Usually, when you see a headline like that, it means that somebody was quoted by a newspaper as making a thoroughly insipid comment that caused great embarrassment to the quotee and his followers. This is usually followed by a non-retraction retraction, whereby the person tries to convince us all that what he said isn’t nearly as retarded as it first sounded, and that he actually meant the opposite.
Since James Dobson is one of the most thoroughly evil men alive today, I thought “Wow! He must be trying to tone down some anti-Harry Potter statement he made. Maybe he’s not quite as backward, superstitious, and fearful of the modern world as I had been led to believe. I must read this article!”
The article starts out promising enough:
In what has been called an “error” in a story that appeared last Friday in the Washington Post, Focus on the [Fundie] founder, Dr, James Dobson, acted quickly Monday to make his thoughts clear on the boy wizard.
OK. So far so good. The article is following the standard damage control formula. Dobson must want us to know that he’s not so retarded that he’s afraid of a fictitious wizard in a made-up story of magical events. The article continues:
Dobson, responding to the newspaper article that wrote “Christian parenting guru James Dobson has praised the Potter books,” pointed out that this “is the exact opposite”.
In a statement released on the Focus on the Family web site, Dobson went on to say that, “We have spoken out strongly against all of the Harry products.”
Wait! Dobson, you dolt! You’re doing the exact opposite! Your clarification statement is supposed to make you look less extreme, not more!
The statement went on to point out that his rationale for this is related to the “magical character, witches, wizards and goblins in the Harry Potter stories.
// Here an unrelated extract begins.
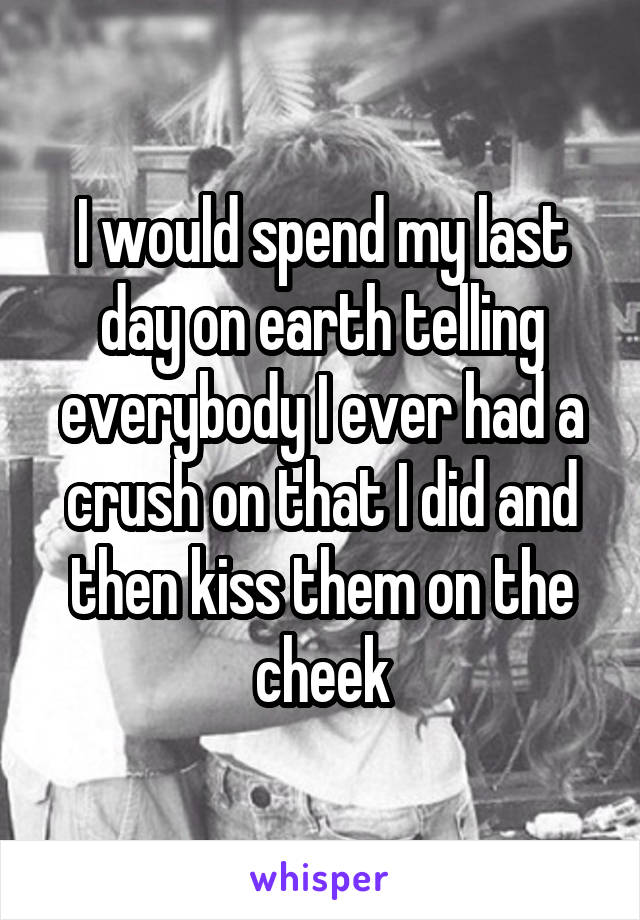 I would spend my last day on earth telling everybody I ever had a crush on that I did and then kiss them on the cheek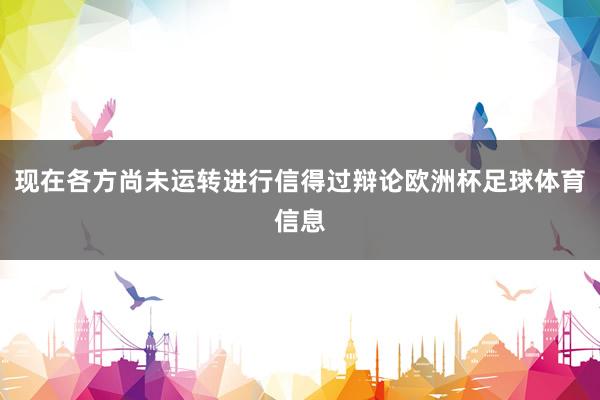 现在各方尚未运转进行信得过辩论欧洲杯足球体育信息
Geeeez!! It’s a freaking novel! It’s fiction! The magic in those stories is no more real than Sylvia Browne! Kids aren’t going to read a story about a wizard and then run out and join a coven any more than James Dobson is going to look at a picture of a sheep and want to get frisky with it.
(or at least I hope not. It seems like every week or two another fundie’s secret sex life is exposed. Just to be safe, maybe you’d better lock up your livestock.)
Anyway, the root cause of this crazy view of Harry Potter is that James Dobson and the rest of his ilk live in a very scary place. They (figuratively) hide under their beds, cowering in fear of what Carl Sagan described as the “demon-haunted world”.
Rationalists like me and (hopefully) you, live full, vibrant lives. We know what’s real and what isn’t. There are enough real things that can hurt us, and we fear and avoid those. But it’s a big world full of amazing sights, sounds, tastes, and ideas to discover and explore. We don’t fear our world; we embrace it.
But James Dobson lives in a world of fear. His fundamental belief, the very core idea of his entire life, is the literal and inerrant story told in the Bible. In his worldview, magic and sorcery are real! The Bible tells of people running around causing magical mayhem. Magic is real to him, so of course he wouldn’t want to mess with it, even in play (e.g., Harry Potter).
What a sad, stifling, and scary existence that must be.